=== Given information ===
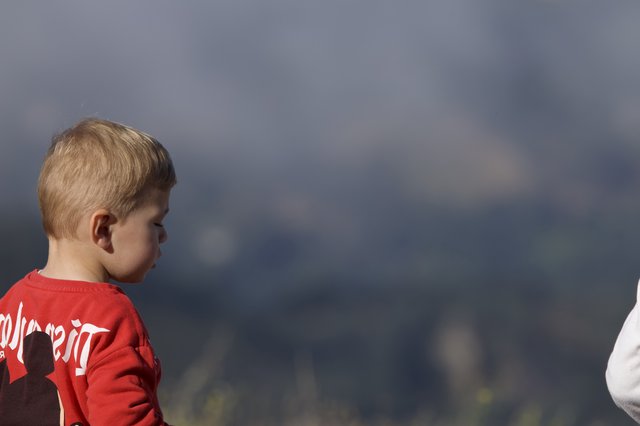 Young Boy Gazes Thoughtfully Against Stormy Mountain Sky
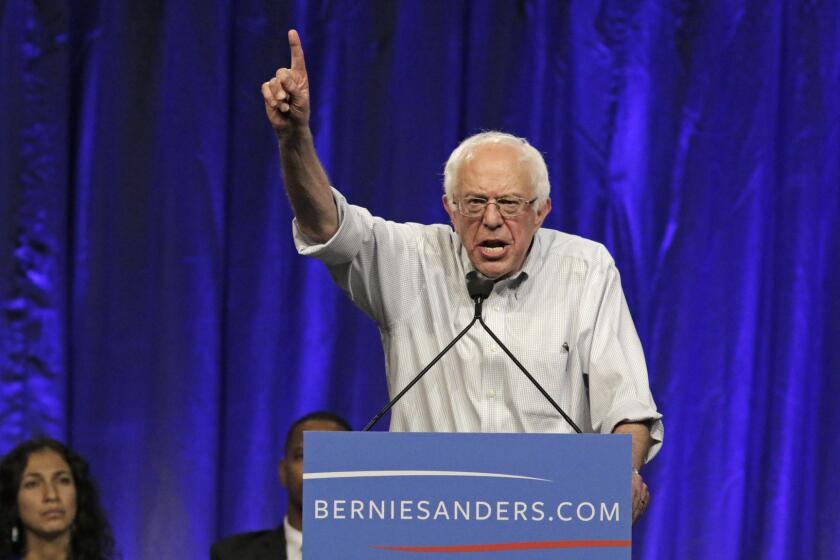 Democratic presidential candidate Bernie Sanders speaks to the crowd at the Los Angeles Memorial Sports Arena on Monday night.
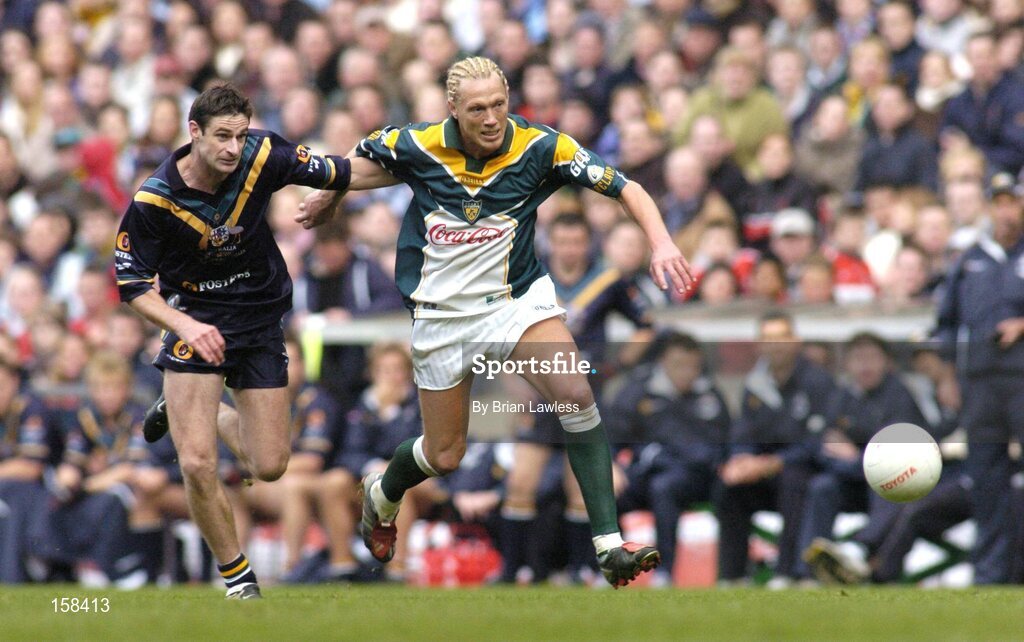 17 October 2004; Ciaran McDonald, Ireland, in action against Brady Rawlings, Australia. Coca Cola International Rules Series 2004, First Test, Ireland v Australia, Croke Park, Dublin. Picture credit; Brian Lawless / SPORTSFILE *** Local Caption *** Any photograph taken by SPORTSFILE during, or in connection with, the 2004 Coca Cola International Rules Series which displays GAA logos or contains an image or part of an image of any GAA intellectual property, or, which contains images of a GAA player/players in their playing uniforms, may only be used for editorial and non-advertising purposes.  Use of photographs for advertising, as posters or for purchase separately is strictly prohibited unless prior written approval has been obtained from the Gaelic Athletic Association.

=== What the task requires ===
Leaving the pictures out, give back each line above exactly.

=== Output for this exercise ===
 Young Boy Gazes Thoughtfully Against Stormy Mountain Sky
 Democratic presidential candidate Bernie Sanders speaks to the crowd at the Los Angeles Memorial Sports Arena on Monday night.
 17 October 2004; Ciaran McDonald, Ireland, in action against Brady Rawlings, Australia. Coca Cola International Rules Series 2004, First Test, Ireland v Australia, Croke Park, Dublin. Picture credit; Brian Lawless / SPORTSFILE *** Local Caption *** Any photograph taken by SPORTSFILE during, or in connection with, the 2004 Coca Cola International Rules Series which displays GAA logos or contains an image or part of an image of any GAA intellectual property, or, which contains images of a GAA player/players in their playing uniforms, may only be used for editorial and non-advertising purposes.  Use of photographs for advertising, as posters or for purchase separately is strictly prohibited unless prior written approval has been obtained from the Gaelic Athletic Association.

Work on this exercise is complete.